In the same vein, Gabr’s philanthropic initiatives are also far reaching. Shafik Gabr’s father Adel created a consulting company following a successful diplomatic career. Under Shafik’s leadership, the company evolved into a conglomerate with an international vision in 1991: Artoc Group for Investment and Development. As Chairman and Managing Director of Artoc, a multidiscipline investment holding company that focuses on infrastructure, steel fabrication, publishing, real estate development, utility and engineered equipment, consumer products, among other areas, Gabr has paved the way for projects involving education, health, young adults, sports training and culture through the Mohamed Shafik Gabr Foundation for Social Development.

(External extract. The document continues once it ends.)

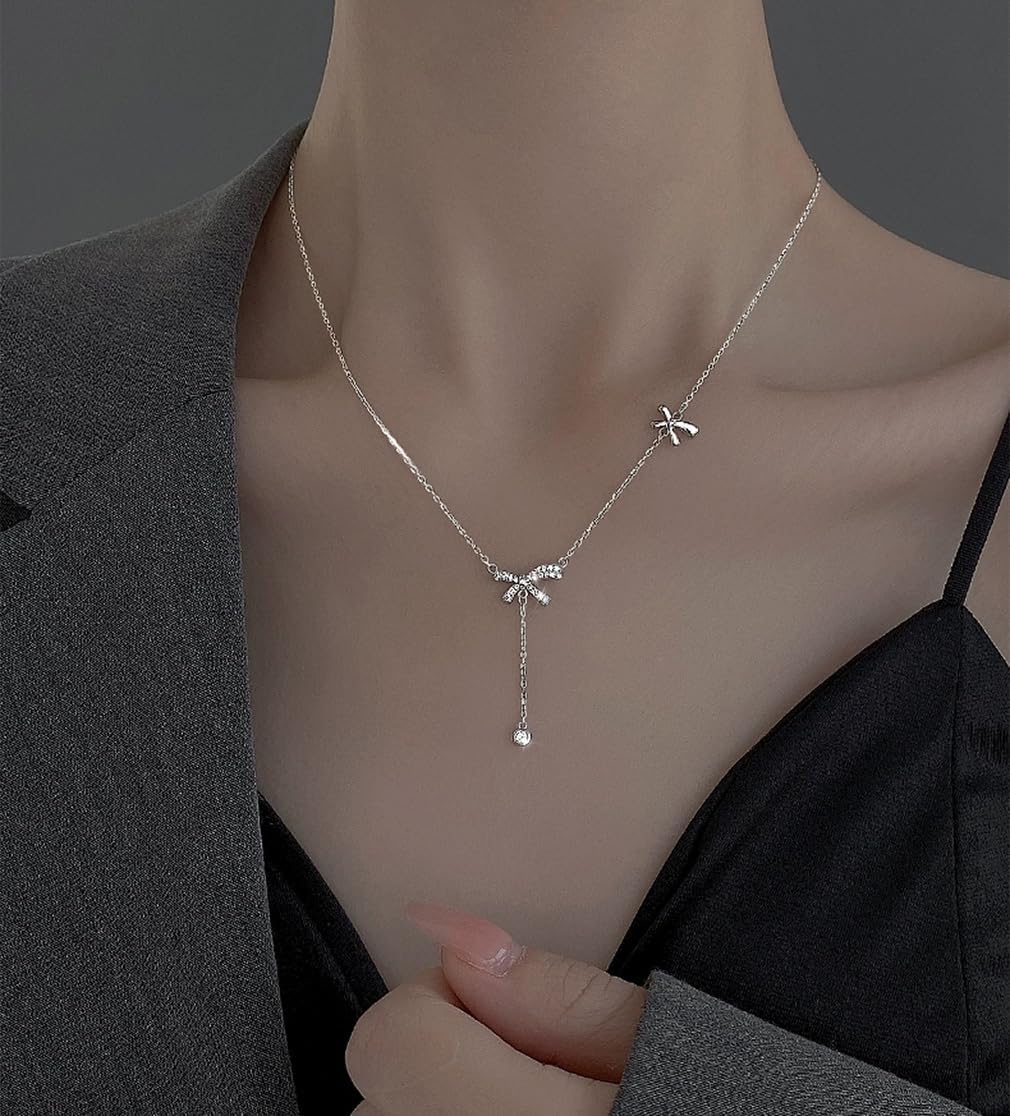SLUYNZ 925 Sterling Silver Bow Y Necklace for Women Teens Cubic Zirconia Bow Y Necklace Pendant Bow Chain Necklace - Image 6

Gabr began his career by graduating from the American University in Cairo in 1973 with a BA in Economics and Management and two years later receiving a master’s degree in Economics from the University of London. While serving as the Chairman of Artoc, Gabr has been involved with many other opportunities including being the Chairman of the Arab Business Council, a member of the World Bank’s Council of Advisors for the MENA Region, founding the American Chamber of Commerce in Egypt in 1982 and serving as its President 13 years later, to name only a few examples.
In addition to his entrepreneurial and charitable efforts, Gabr created East-West: The Art of Dialogue, a fellowship that brings together 20 young emerging leaders from Egypt and America in fields ranging from the arts, science, sports, media and social and business entrepreneurship in order to create an exchange of cultures, ideas, projects and friendships. Before the East-West project was underway, Gabr was interviewed by the New York Times and reflected on the initiative, “‘I have a very strong feeling about the importance of bridge building - I’ve had a huge concern as I’ve witnessed the world spiraling into more conflict, that there would be more misperception, more conflict and clashes between East and West…[the project] is taking a chunk of my time and effort and resources, but it’s exciting, and if my whole initiative over time is able to help build common interest and understanding, it will be worthwhile.’” The program is launching its third class of Fellows next year.
It is no surprise then that both will be accepting awards this year for their philanthropic contributions. Asfari and Gabr will be honored at the Middle East Institute’s 68th Annual Awards Banquet. Asfari will receive the Issam M. Fares Award for Excellence, which recognizes exceptional contributions of Arab men and women in the fields of politics, culture, business and philanthropy. Gabr will be accepting MEI’s Visionary Award, which recognizes an Arab individual or institution for their exceptional work in the region.